KFC said it is phasing out trans fats in cooking its Original Recipe and Extra Crispy fried chicken, Potato Wedges and other menu items. Trans fats are believed to raise consumer cholesterol levels.
The restaurant chain said Monday it will start using zero trans fat soybean oil systemwide with the rollout expected to be completed by April 2007. KFC said many of its approximately 5,500 restaurants already have switched to low linolenic soybean oil, replacing partially hydrogenated soybean oil.
Crispy Strips, Wings, Boneless Wings, Buffalo and Crispy Snacker Sandwiches, Popcorn Chicken and Twisters also are part of the menu change.
The announcement came just ahead of a New York City Board of Health public hearing on a plan to make New York the first U.S. city to ban restaurants from serving food containing artificial trans fats.
Artificial trans fat is so common that the average American eats 4.7 pounds of it a year, according to the Food and Drug Administration.
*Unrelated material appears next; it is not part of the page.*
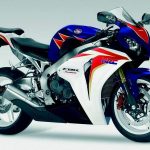 Honda CBR 1000RR Fireblade (2011)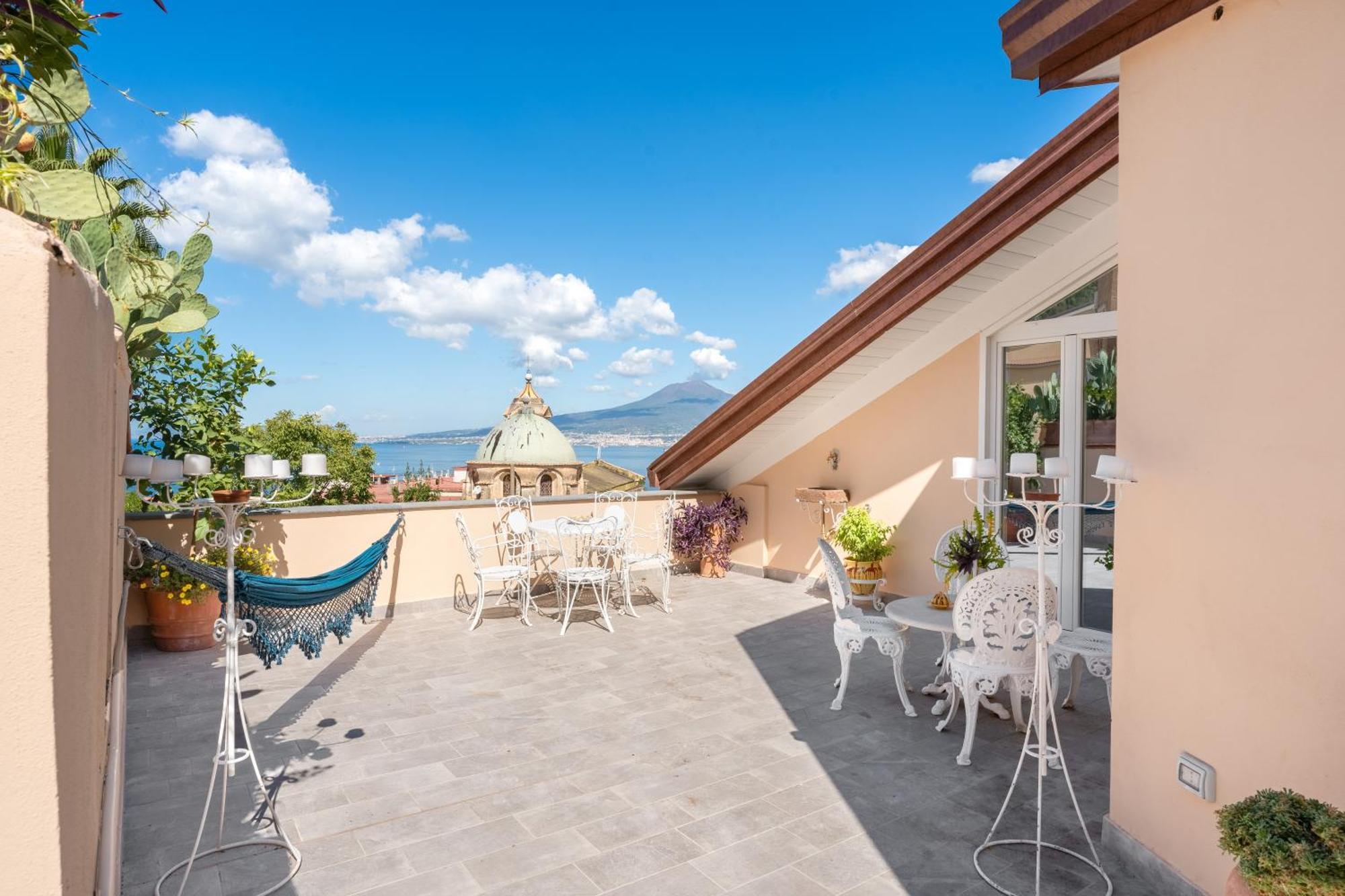 Palazzo Desiderio Apartamento Castellammare di Stabia Exterior foto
But health officials say trans fat belongs in the same category as food spoiled by poor refrigeration or rodent droppings.
The switch was applauded by the Center for Science in the Public Interest, which sued the Louisville, Ky.-based KFC in June over the trans fat content of its chicken.
KFC is part of Yum Brands Inc. (YUM), which also owns the Taco Bell and Pizza Hut chains.